Morally questionable characters, a straying plot, and over the top unrealistic drama wouldn’t necessarily be an issue if this show was, for example, an ironic murder mystery or a sleezy teen drama, etc, but that’s not what it is. Viewers of the show are expected to take the show seriously. The writers intentionally include major themes about sexual assault, suicide, drunk driving, drug addiction, and mental illness, among other serious topics. These topics should not be used for suspense and then coined as serious representation. Shows, books, and movies can totally deal with serious topics like these while still remaining entertaining, and even suspenseful at times, however, because entertainment and drama take precedence over these topics, the 13 Reasons Why ends up sending dangerous messages to impressionable audiences.

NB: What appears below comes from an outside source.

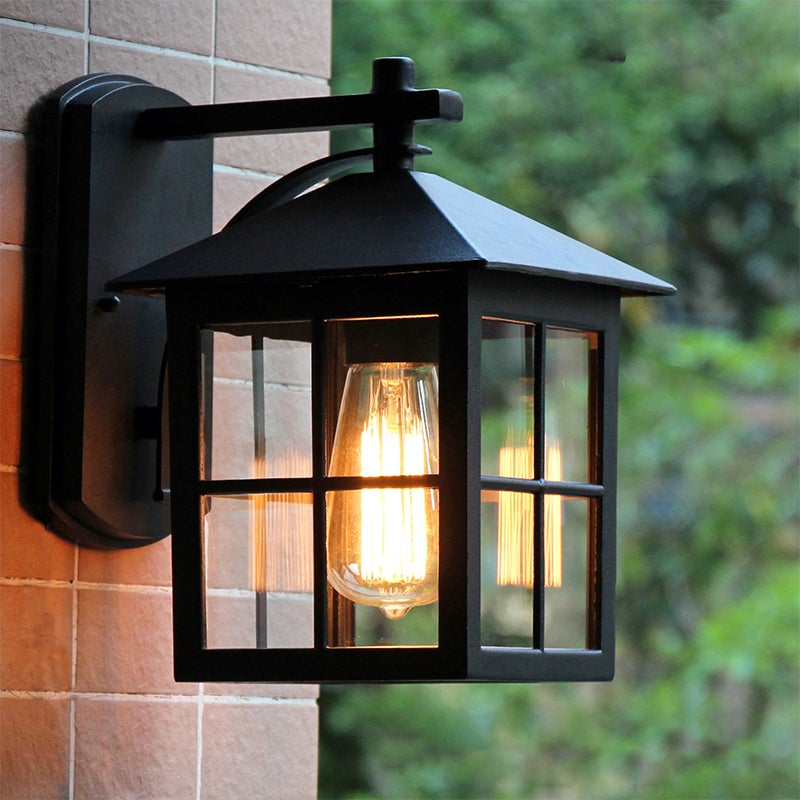 Minimalist Square Glass Lampshade Waterproof Modern Outdoor Lanterns-Lighom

Here are just a few examples (there are many more) of media that tackles serious topics much better than 13 Reasons Why and still remains entertaining:
The Way I Used to Be – The Way I Used to Be is a novel by Amber Smith. It’s about a teen girl who gets raped by her older brother’s best friend and about the aftermath. It’s realistic, entertaining, and still manages to handle the topic delicately.
The Perks of Being a Wallflower – The Perks of Being a Wallflower is a book by Stephen Chbosky with a film adaptation. Both the book and the film deal with themes of mental illness, sexual assault, and homophobia. Once again, realistic, entertaining, and still manages to handle the topics delicately.

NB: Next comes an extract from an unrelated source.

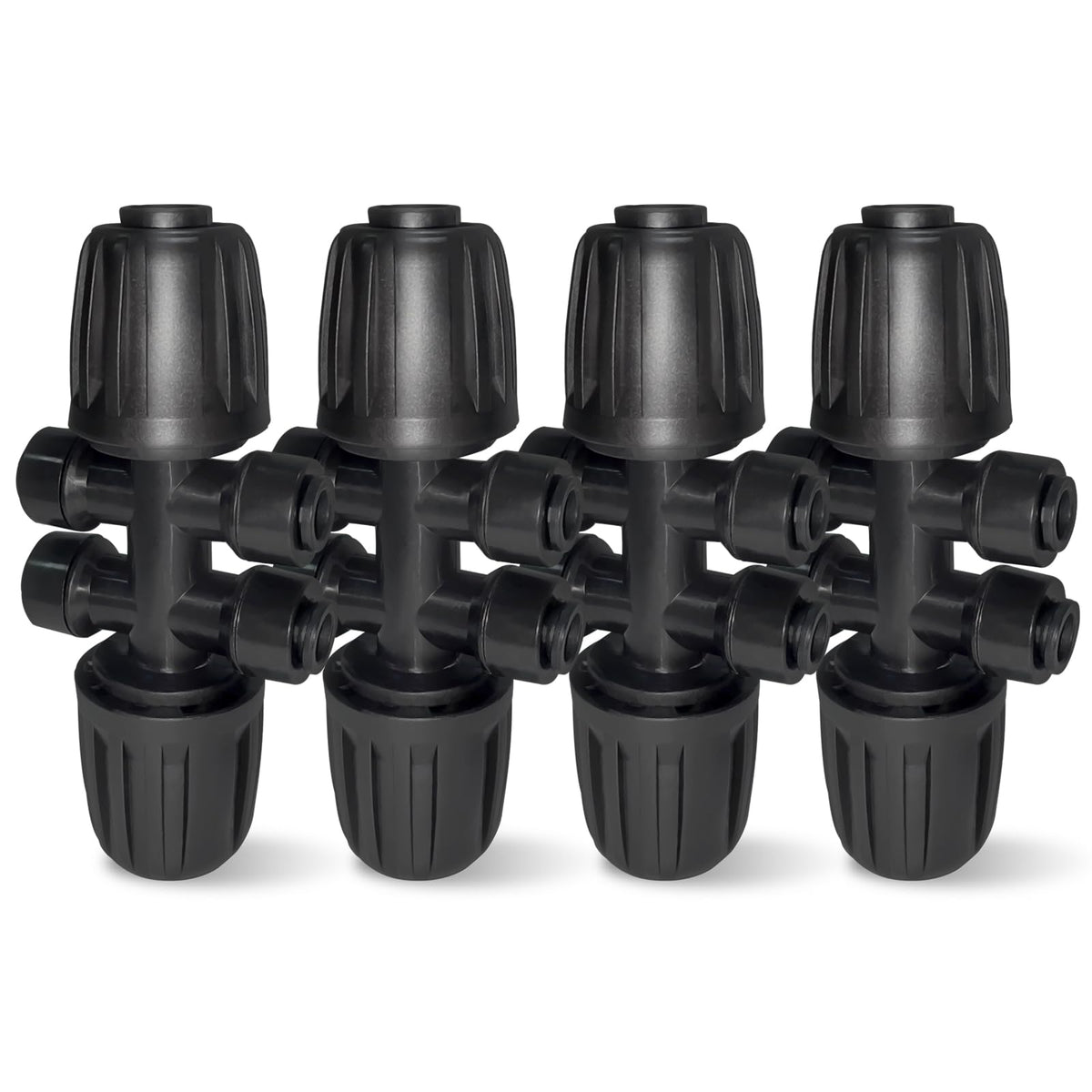 Spalolen four-pack barbed tee connector for precise drip distribution.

The End of the F***ing World – The End of the F***ing World is a graphic novel as well as a show on Netflix. It deals with topics including mental illness, suicide, unhealthy family dynamics, sexual assault, and others. The End of the F***ing World is entertaining, though not very realistic or delicate, however, it isn’t meant to be taken seriously the way that 13 Reasons Why is. It draws a very clear line between what’s satirical and what isn’t.
Turtles All The Way Down and The Rest of Us Just Live Here – Turtles All The Way Down by John Green is actually a mystery novel that manages to represent mental illness well. The main character has OCD and the story manages to express her struggles with mental illness while simultaneously being an interesting mystery story. The Rest of Us Just Live Here by Patrick Ness also has a main character with OCD (as well as a character with an eating disorder) and these issues are well represented while still telling a compelling story.

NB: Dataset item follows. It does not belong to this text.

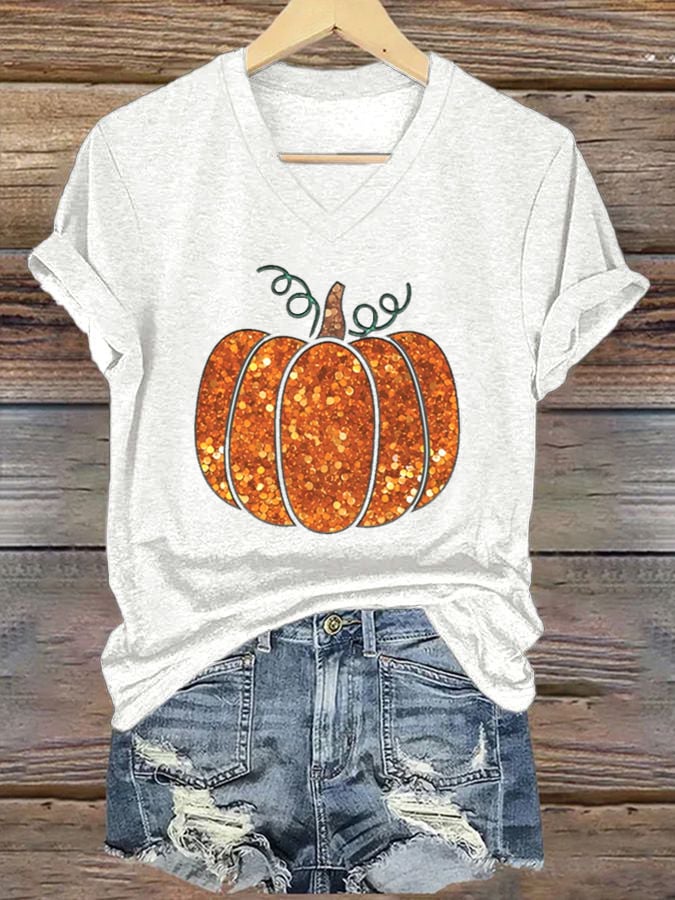 Women's Pumpkin Print Casual T-Shirt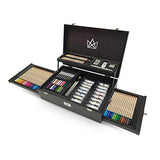 KINGART Mixed Media Art Set, 2-Drawer Wooden Case, Pencils, Pastels, Paints, Brushes, Erasers, Sharpener, Palette Knife, Palette, Painting, Drawing, KINGART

The Fosters – The Fosters a show from Freeform (abc family) with five seasons which each have at least 20 episodes, 40 minutes each. Through out these five seasons, the show has tackled topics including: sexual assault, domestic abuse, homophobia, transphobia, racism, school shootings, mental illness, ableism, immigration, corrupt law enforcement, prostitution, drug use, abortions, religion, gun control, gender inequality, divorce, unhealthy relationships, and other extremely serious topics. This show managed to be suspenseful at times and entertaining enough to remain on air for five seasons, yet still managed to deal with so many severe themes appropriately.